Esasen, MİT'in 80'inci kuruluş yıldönümünde, Müsteşar Emre Taner, devlet içinde bir rejim değişikliği hazırlığı olduğunun işaretini vermişti.

Fakat 15 Temmuz'u çözmeden, tek adam sistemine geçiş projesinin kimin ihtiyacından kaynaklandığını anlayamayız.

***

Kerem Çalışkan, odatv'de, Takvim yazarı Ergün Diler'e de atıfta bulunarak, 15 Temmuz'u özetle şöyle izah ediyor:

"Darbeyi, 'Ilımlı İslâm' projesini temsil eden CIA planladı. Medeniyetler Çatışması tezini benimseyen Pentagon ise CIA-FETÖ darbe kalkışmasını, Erdoğan'a haber vererek engelledi.... Erdoğan bunun karşılığında FETÖ'yü tasfiye ederken, Medeniyetler Çatışması'nın fedailiğini üstlendi. Oyun buydu! 16 Nisan'da Medeniyetler Çatışması'nı oylayacağız. Türkiye'nin Medeniyetler Çatışması'nda öncü 'fedai ülke' olup olmamasını oylayacağız...

Huntington'un tezine göre Türkiye Atatürk'e sırt çevirmeli, İslâm âlemi liderliğine soyunmalıydı! Neo-Osmanlı tezlerin babası da Huntington'du.
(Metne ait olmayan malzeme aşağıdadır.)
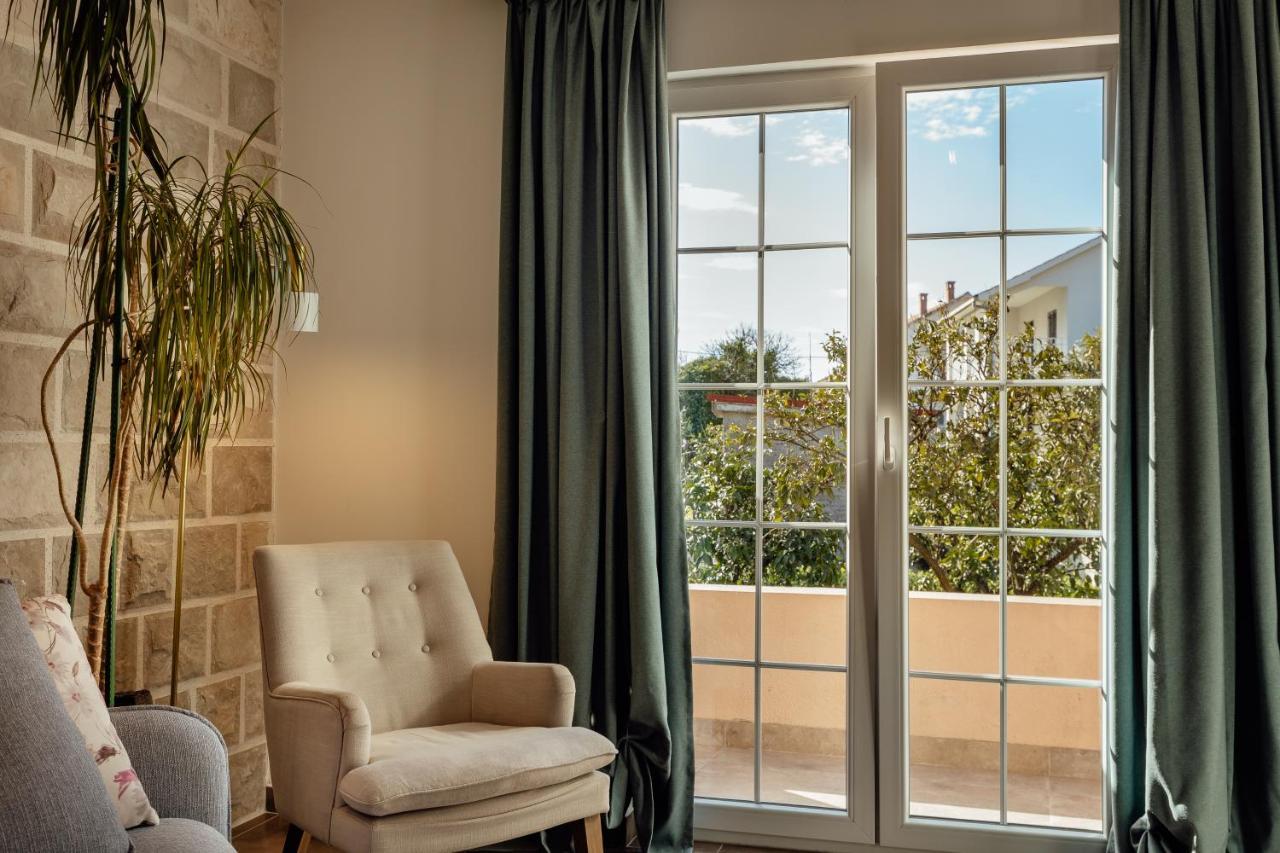 Stylish Mini-House With Garden & Beach Биела Экстерьер фото
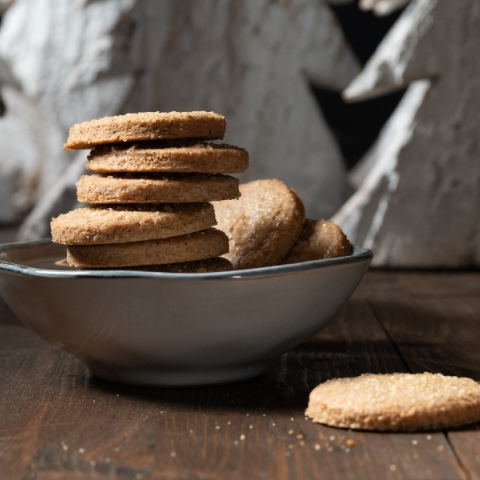 Χριστουγεννιάτικα μπισκότα  με κανέλα και πορτοκάλι χωρίς γλουτένη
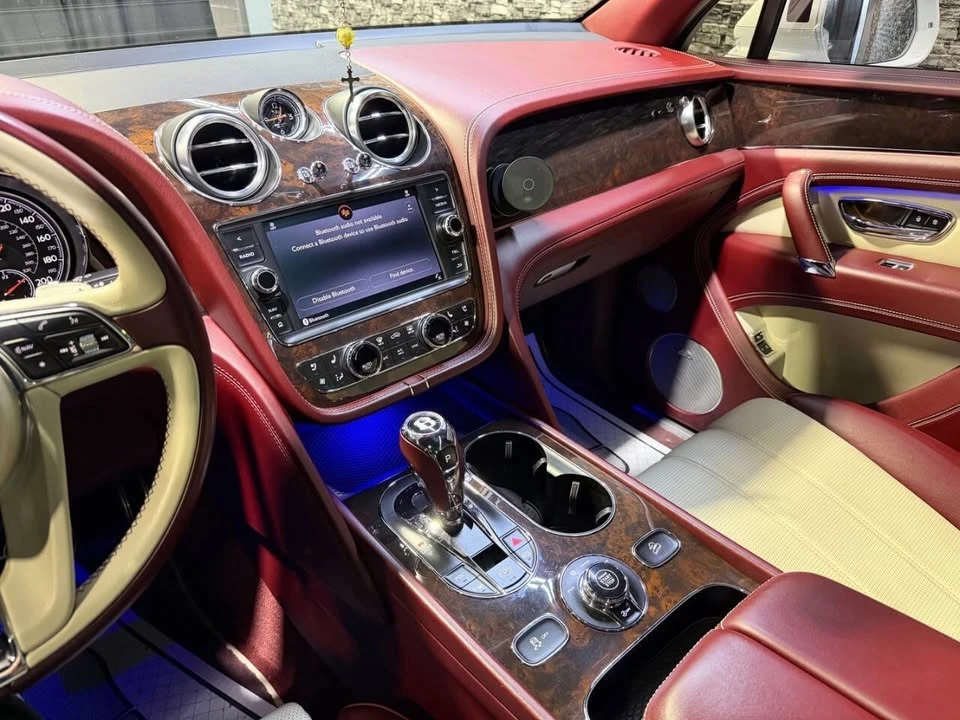 2019 Bentley Bentayga - Image 18 of 20
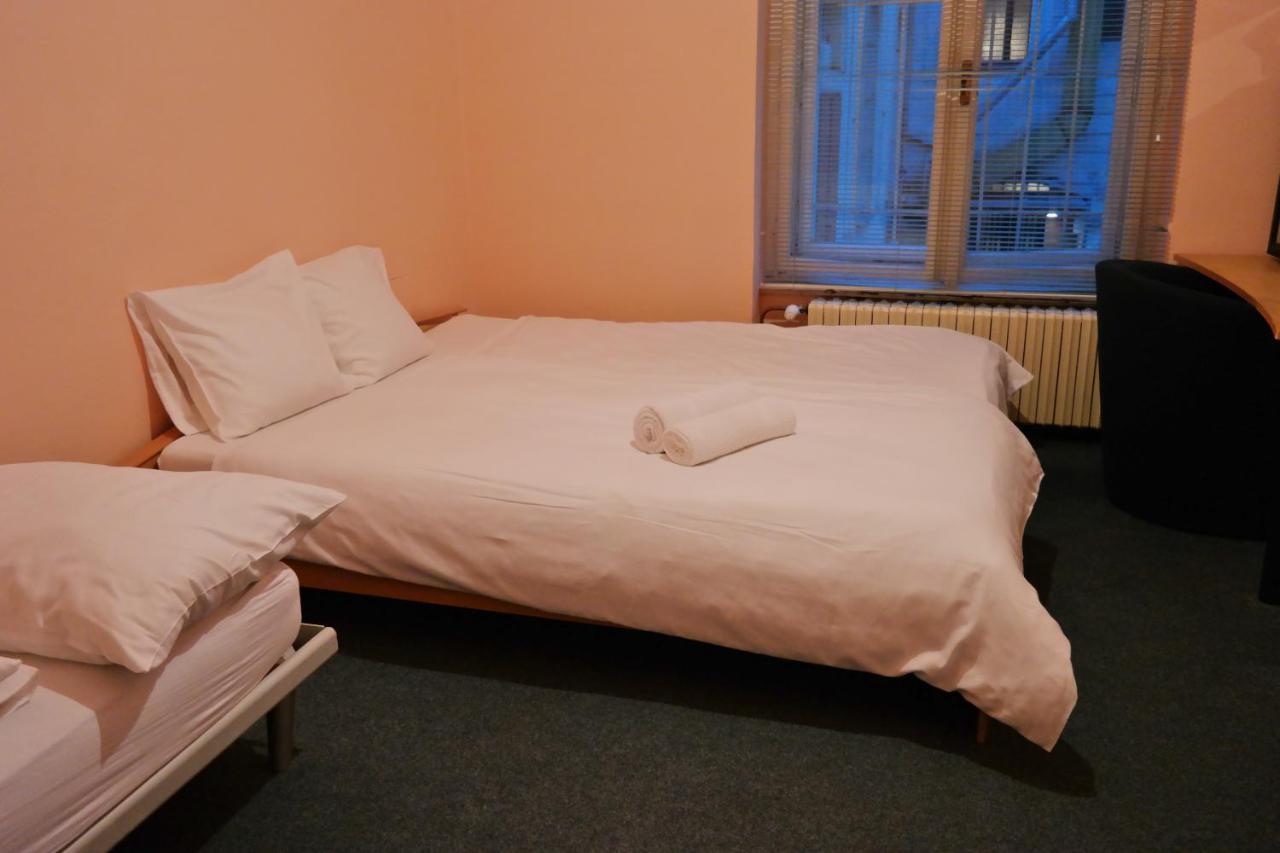 Hotel Praha Club Bed & Breakfast Exteriör bild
BOP Projesi'nin de temelinde yatan düşünce buydu.

Son gelişmeler gösteriyor ki, Erdoğan 15 Temmuz'da iktidarda kalma karşılığı 'Medeniyetler Çatışması'na dönme sürecine girdi...

Erdoğan bu nedenle Avrupa ile savaşa girdi...

Erdoğan bu nedenle 'Haç-Hilal kavgası' dedi..."

***

Fakat durum böyleyse Pentagon'da çalışmış, İsrail'de ayrıca Süleymaniye, Selahaddin ve Dohuk üniversitelerinde ders vermişliği de olan Michael Rubin, neden hâlâ Tayyip Erdoğan'ı hedef alıyor ve "Paraları nerede sakladığını bilmediğimizi mi zannediyorsun?" diye mesaj yazarak şantaj yapıyor? CIA'nın "Ilımlı İslâm" Projesi adına mı?

Görünen şu ki tek adamlık projesi geçerse, Barzani'nin bayrağı, Diyarbakır'da da dalgalanacak! CIA projesinin de Pentagon Projesi kadar büyük bir tehdit olduğunu 15 Temmuz'da yaşadık. Türkiye'ye 15 Temmuz'da 40 satır gösterilerek 16 Nisan'da 40 katıra ayaklarından bağlanıp sürüklenmeye ikna edildiği anlaşılıyor! Sonuç aynı kapıya çıkıyor! İkisinde da parçalanmak var!

Türkiye'yi yönetenler, sonu parçalanmaya giden bu ikili tercihe karşı millî bir proje geliştirip uygulayamaz mıydı da yine Amerikan ipine sarıldı?